Hey all,
So, our config servers got out of sync. We brought two of them down and migrated data to the bad one, then brought things back up. Everything seems to be running smoothly now, except that something's wrong on two collections on two different databases. This is out of 489 databases, with between four and eight collections in each one.
In both collections, doing a find (or a count or a findOne) returns this error:
mongos> db.repriceBatch.findOne()
Fri Feb 28 08:42:55.195 error: {
"$err" : "too many retries of stale version info ( ns : dealer_589.repriceBatch, received : 0|0||000000000000000000000000, wanted : 1|0||53053ed71aa735c9f8351cf8, send )",
"code" : 13388
} at src/mongo/shell/query.js:128
getShardDistribution returns this error:
mongos> db.repriceBatch.getShardDistribution()

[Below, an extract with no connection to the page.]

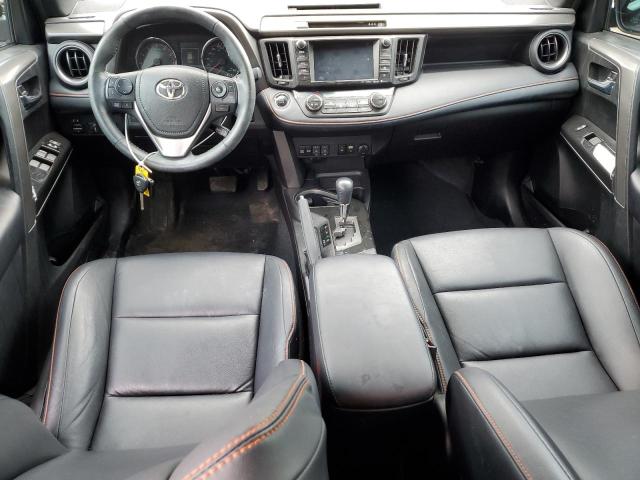 Photo 7 VIN: 2T3JFREV0JW767887 - TOYOTA RAV4 SE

Fri Feb 28 08:39:56.002 error: {
"$err" : "stale config on lazy receive :: caused by :: $err: \"[dealer_589.repriceBatch] shard version not ok in Client::Context: this shard contains versioned chunks for dealer_589.repriceBatch, but no version se...\" ( ns : dealer_589.repriceBatch, received : 0|0||000000000000000000000000, wanted : 1|0||53053ed71aa735c9f8351cf8, recv )",
"code" : 9996
} at src/mongo/shell/query.js:128
It doesn't matter which mongos I connect with, the behavior is the same. I've also tried restarting all the mongos processes, and running flushRouterConfig, to no avail.
I've also tried dropping the collections, but the error persists even when the collection doesn't (appear to) exist.
Basically the only hits on google for this error are source code.